# Finally got out on the Water!



## trippcasey (Dec 4, 2016)

After over a month of being sidelined on the hill from holidays, being sick, having sick kids, and other responsibilities, I finally got out on the water. We got a much later start than I wanted, not leaving the dock until 0830. Once we got to the hole it was hit or miss. The shifting winds made it difficult to stay over the structure. We fished the same hole all day, but from many different angles. We were never really able to get it dialed in. But, we did manage to land a decent mess of fish inspite of the challenges. The way home was rough, so we took as many back creeks and cuts as we could to stay out of the ICW. Im still not 100%, and my body feels it from yesterday, but I cant wipe the "I caught more fish than you" grin off my face.

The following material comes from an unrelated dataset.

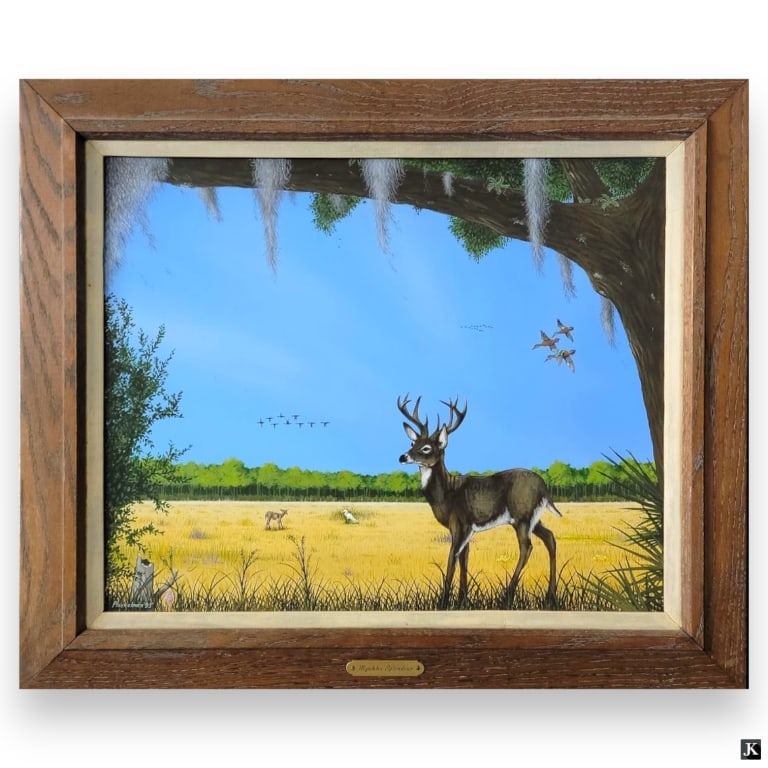 Raymond Plockelman (USA B1943) Florida Oil: Raymond Plockelman (AMERICAN / FLORIDA, Born 1943) oil painting on masonite board depicting a landscape scene with deer. Signed to lower left and dated 1993. Further signed and dated to verso of boar.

Lol...it felt great to get out there. I cant wait to do it again.


----------



## tidewater (Dec 4, 2016)

Nice


----------



## Riplukelee (Dec 5, 2016)

Nice catch, Tripp!! I haven't forgotten about the Zebvo 33 challenge. I plan to take one out and pull a slab-sized convict out of the trees!


----------



## FishermanSailor (Dec 5, 2016)

Looking good!


----------



## trippcasey (Dec 5, 2016)

Riplukelee said:


> Nice catch, Tripp!! I haven't forgotten about the Zebvo 33 challenge. I plan to take one out and pull a slab-sized convict out of the trees!



I wanted to take mine out this weekend, but had some customers with me and wanted to maximize our catch. I kinda chickened out...lol.


----------